__Dataset items__:
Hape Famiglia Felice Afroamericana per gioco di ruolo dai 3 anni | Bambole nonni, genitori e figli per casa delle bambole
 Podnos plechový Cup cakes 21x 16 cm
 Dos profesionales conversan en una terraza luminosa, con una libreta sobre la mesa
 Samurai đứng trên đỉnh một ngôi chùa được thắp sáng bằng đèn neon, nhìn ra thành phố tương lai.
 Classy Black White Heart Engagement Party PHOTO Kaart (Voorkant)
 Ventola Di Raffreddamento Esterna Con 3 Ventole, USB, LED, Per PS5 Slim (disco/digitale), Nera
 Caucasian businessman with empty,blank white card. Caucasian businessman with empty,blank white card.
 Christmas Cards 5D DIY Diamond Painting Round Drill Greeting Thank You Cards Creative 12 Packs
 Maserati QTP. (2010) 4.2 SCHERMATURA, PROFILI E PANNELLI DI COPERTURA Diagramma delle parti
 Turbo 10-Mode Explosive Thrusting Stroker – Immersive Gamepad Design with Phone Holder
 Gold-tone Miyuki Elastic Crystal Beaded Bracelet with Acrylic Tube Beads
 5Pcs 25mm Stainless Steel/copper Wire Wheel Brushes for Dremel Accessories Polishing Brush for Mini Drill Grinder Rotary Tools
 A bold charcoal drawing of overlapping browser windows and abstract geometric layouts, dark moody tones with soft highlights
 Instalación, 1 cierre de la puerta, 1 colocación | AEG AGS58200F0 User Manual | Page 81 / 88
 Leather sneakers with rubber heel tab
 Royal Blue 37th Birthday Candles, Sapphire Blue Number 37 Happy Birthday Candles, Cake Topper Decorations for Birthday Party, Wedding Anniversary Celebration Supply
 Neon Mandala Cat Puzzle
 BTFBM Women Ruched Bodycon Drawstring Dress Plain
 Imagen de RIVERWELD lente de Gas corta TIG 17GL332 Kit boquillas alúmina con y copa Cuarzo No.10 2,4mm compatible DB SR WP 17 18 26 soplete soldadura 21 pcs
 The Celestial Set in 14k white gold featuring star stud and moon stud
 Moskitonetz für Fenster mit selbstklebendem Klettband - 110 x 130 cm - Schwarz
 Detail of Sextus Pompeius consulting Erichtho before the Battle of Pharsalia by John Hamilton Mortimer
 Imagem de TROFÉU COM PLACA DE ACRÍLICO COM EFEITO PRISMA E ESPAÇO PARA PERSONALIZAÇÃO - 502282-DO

__Try it__:
Show all lines in the entries above where the string "with" appears.

__Result for this exercise__:
 Caucasian businessman with empty,blank white card. Caucasian businessman with empty,blank white card.
 Turbo 10-Mode Explosive Thrusting Stroker – Immersive Gamepad Design with Phone Holder
 Gold-tone Miyuki Elastic Crystal Beaded Bracelet with Acrylic Tube Beads
 A bold charcoal drawing of overlapping browser windows and abstract geometric layouts, dark moody tones with soft highlights
 Leather sneakers with rubber heel tab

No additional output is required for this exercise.